══ Available data

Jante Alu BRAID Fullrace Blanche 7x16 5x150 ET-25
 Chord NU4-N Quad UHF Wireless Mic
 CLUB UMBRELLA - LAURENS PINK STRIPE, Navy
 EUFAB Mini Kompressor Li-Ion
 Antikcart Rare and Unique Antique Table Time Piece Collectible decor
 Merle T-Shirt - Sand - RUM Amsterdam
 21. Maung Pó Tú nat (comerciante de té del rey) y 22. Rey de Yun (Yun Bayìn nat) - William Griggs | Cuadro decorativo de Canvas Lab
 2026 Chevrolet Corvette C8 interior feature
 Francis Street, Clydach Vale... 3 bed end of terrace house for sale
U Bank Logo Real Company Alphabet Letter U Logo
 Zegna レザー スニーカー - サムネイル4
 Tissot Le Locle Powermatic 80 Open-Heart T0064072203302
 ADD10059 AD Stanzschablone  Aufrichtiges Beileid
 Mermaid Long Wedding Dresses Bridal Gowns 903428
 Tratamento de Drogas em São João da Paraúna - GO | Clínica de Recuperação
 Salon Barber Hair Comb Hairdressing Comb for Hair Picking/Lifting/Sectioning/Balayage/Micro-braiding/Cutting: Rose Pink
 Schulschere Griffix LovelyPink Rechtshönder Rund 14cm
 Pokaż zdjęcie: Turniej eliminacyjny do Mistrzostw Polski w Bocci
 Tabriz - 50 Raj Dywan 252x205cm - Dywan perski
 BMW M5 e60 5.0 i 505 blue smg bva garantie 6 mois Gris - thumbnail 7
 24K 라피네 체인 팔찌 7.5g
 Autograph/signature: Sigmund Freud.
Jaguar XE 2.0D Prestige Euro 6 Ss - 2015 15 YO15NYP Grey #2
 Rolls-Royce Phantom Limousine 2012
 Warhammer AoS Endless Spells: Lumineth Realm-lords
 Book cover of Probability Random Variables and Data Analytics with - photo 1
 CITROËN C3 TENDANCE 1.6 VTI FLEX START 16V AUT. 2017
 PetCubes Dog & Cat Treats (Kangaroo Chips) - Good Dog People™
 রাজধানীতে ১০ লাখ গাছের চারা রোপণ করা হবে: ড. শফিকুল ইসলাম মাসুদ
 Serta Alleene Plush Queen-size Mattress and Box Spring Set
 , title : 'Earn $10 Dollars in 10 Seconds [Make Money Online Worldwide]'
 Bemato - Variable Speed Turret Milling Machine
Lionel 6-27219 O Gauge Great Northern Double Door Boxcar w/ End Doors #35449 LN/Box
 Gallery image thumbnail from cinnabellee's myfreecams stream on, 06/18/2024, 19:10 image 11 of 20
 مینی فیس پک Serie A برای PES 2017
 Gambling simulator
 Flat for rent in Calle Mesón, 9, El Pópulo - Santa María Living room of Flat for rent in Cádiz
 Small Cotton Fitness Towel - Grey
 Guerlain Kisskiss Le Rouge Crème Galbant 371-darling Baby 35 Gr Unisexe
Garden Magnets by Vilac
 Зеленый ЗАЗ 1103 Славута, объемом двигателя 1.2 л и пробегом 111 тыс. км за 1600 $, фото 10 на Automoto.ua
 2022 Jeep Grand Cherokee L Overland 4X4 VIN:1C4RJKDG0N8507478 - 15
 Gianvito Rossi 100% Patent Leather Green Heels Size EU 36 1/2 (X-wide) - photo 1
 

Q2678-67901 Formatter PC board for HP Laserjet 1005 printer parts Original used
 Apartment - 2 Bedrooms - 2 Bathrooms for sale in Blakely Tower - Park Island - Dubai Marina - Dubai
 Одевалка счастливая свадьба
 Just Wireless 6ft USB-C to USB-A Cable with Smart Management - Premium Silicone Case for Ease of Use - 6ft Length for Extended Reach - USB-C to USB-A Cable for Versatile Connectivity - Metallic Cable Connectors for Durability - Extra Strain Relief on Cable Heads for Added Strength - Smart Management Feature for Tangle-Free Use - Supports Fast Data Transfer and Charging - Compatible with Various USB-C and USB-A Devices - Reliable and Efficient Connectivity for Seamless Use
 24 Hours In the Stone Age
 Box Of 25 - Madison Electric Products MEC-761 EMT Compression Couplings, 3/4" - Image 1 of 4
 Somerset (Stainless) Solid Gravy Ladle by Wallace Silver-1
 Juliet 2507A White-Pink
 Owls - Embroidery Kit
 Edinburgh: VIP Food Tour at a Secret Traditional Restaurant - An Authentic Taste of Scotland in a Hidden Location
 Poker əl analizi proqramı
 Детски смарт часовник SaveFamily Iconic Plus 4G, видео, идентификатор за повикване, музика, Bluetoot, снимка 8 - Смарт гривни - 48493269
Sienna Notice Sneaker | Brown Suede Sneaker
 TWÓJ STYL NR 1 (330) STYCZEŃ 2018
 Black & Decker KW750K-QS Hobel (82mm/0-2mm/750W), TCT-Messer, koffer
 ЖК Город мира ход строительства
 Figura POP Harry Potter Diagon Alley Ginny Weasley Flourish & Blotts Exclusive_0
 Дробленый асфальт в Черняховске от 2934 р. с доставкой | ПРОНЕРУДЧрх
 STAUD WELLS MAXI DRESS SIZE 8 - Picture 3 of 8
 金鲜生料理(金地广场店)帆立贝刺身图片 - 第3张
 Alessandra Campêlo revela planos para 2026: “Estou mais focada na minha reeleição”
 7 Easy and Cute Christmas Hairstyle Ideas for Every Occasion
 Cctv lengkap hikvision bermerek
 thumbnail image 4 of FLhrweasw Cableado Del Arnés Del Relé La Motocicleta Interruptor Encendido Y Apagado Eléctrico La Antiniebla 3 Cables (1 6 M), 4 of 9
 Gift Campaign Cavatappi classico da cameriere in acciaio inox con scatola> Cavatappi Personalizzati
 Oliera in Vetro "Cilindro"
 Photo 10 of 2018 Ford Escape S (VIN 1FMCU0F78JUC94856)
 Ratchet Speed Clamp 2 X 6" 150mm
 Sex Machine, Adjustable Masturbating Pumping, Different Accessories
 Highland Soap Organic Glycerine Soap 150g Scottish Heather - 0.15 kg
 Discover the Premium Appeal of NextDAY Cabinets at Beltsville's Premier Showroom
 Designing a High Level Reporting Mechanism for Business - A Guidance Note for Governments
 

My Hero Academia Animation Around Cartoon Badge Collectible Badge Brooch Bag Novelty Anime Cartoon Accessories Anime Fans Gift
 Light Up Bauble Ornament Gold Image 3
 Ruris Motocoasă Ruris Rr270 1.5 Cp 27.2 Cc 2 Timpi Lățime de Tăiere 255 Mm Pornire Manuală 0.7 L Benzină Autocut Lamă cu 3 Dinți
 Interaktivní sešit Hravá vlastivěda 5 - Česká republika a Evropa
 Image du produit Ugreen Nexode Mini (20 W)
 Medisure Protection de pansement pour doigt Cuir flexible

════

> [Task objective] Above are the records; copy exactly the lines from the one with "My Hero Academia" through the final line.

> [Answer to this problem]
My Hero Academia Animation Around Cartoon Badge Collectible Badge Brooch Bag Novelty Anime Cartoon Accessories Anime Fans Gift
 Light Up Bauble Ornament Gold Image 3
 Ruris Motocoasă Ruris Rr270 1.5 Cp 27.2 Cc 2 Timpi Lățime de Tăiere 255 Mm Pornire Manuală 0.7 L Benzină Autocut Lamă cu 3 Dinți
 Interaktivní sešit Hravá vlastivěda 5 - Česká republika a Evropa
 Image du produit Ugreen Nexode Mini (20 W)
 Medisure Protection de pansement pour doigt Cuir flexible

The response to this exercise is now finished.